*** Given entries Section Begins ***
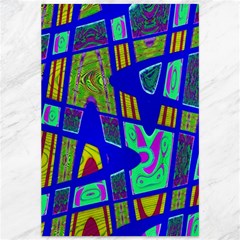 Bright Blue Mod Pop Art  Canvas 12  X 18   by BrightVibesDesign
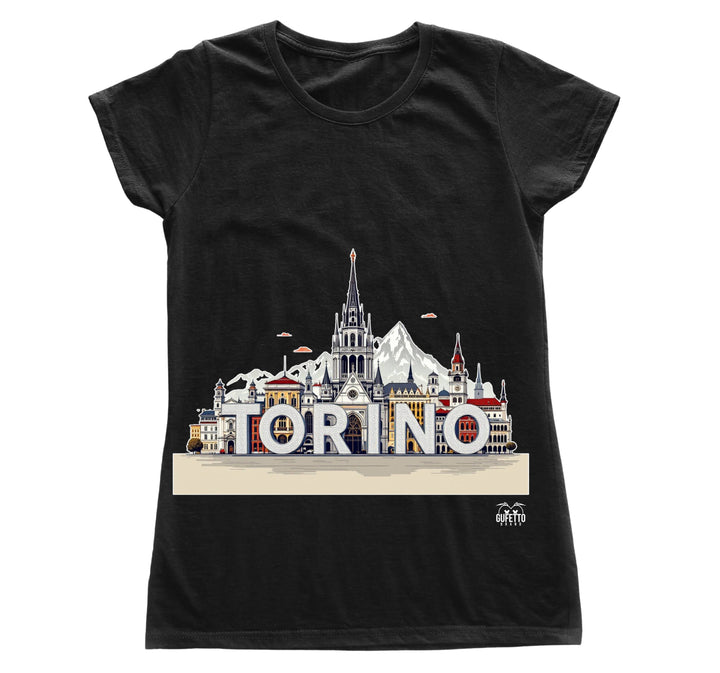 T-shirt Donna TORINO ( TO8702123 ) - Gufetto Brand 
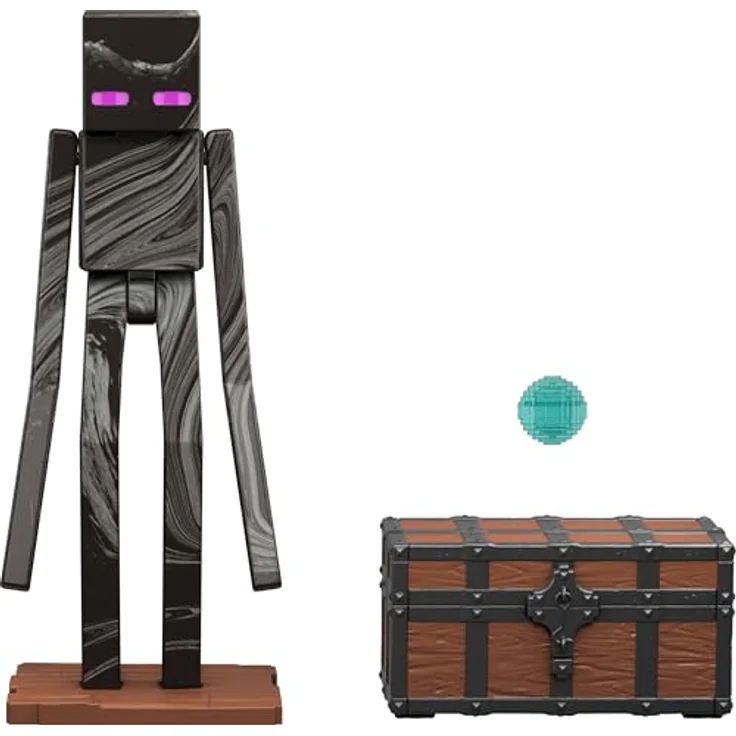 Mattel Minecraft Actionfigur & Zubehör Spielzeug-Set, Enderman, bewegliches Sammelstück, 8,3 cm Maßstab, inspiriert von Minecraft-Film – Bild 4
*** Given entries Section Ends ***
*** Given entries Section Begins ***
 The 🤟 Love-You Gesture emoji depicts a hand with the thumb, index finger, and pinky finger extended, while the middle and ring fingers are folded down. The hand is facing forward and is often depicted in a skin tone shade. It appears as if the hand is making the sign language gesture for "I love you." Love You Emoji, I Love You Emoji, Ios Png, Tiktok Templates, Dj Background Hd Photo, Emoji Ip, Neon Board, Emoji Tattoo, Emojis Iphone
*** Given entries Section Ends ***
What you have to do » Exercise for the records above: copy only the lines from the one with "T-shirt Donna TORINO" to the one with "Mattel Minecraft Actionfigur", both ends kept, and drop the pictures.

Exercise result »
 T-shirt Donna TORINO ( TO8702123 ) - Gufetto Brand 
 Mattel Minecraft Actionfigur & Zubehör Spielzeug-Set, Enderman, bewegliches Sammelstück, 8,3 cm Maßstab, inspiriert von Minecraft-Film – Bild 4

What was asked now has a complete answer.